What was the intended meaning of the quotation marks around "sinners" in the old NIV?

score:4

Accepted answer

This is not addressed in the Preface to the 1984 NIV, so we must look elsewhere for clues.

The best explanation I've found comes from Craig S. Keener's commentary on Matthew:

Some take sinners here to mean the 'am hā'āres common people whom the Pharisees despised for their lack of adherence to Pharisaic food laws (as in Jeremias 1972:132; thus the quotation marks in the NIV); more scholars today lean toward the view that it means sinners in a more blatant sense. (source)

So the NIV translators make a judgment call – when the word sinners is used to mean something more like "despised by Pharisees" than "those who violate God's law," they put the word in quotes.

James A. Brooks, in The New American Commentary, explains the matter similarly, regarding Mark 2:15:

The NIV is quite correct to put the word "sinners" in quotation marks to indicate that it is being used with an unusual meaning.
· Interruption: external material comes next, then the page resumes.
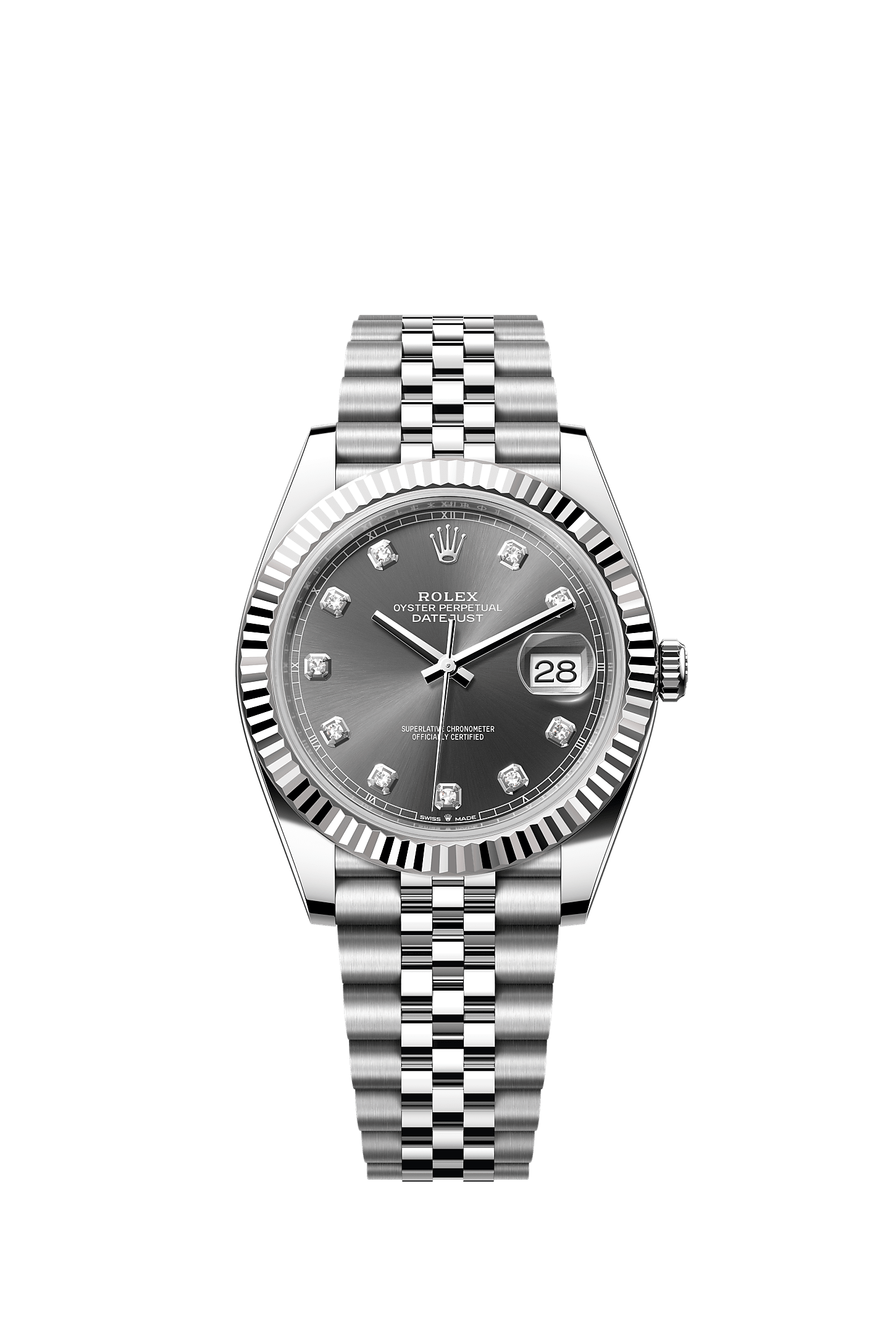 ROLEX DATEJUST 41MM SLATE DIAMOND DIAL FLUTED BEZEL JUBILEE BRACELET 126334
The reference is not to immoral or irreligious person but to those who because of the necessity of spending all their time earning a bare subsistence were not able to keep the law, especially the oral law, as the scribes thought they should. As a result the scribes despised them. Perhaps a better translation would be "outcasts" (GNB). (source)

But, as Keener notes, this is an interpretive decision and there's some disagreement over it. Thus it shouldn't be surprising that other translations, including the NIV 2011, don't adopt this stylistic approach.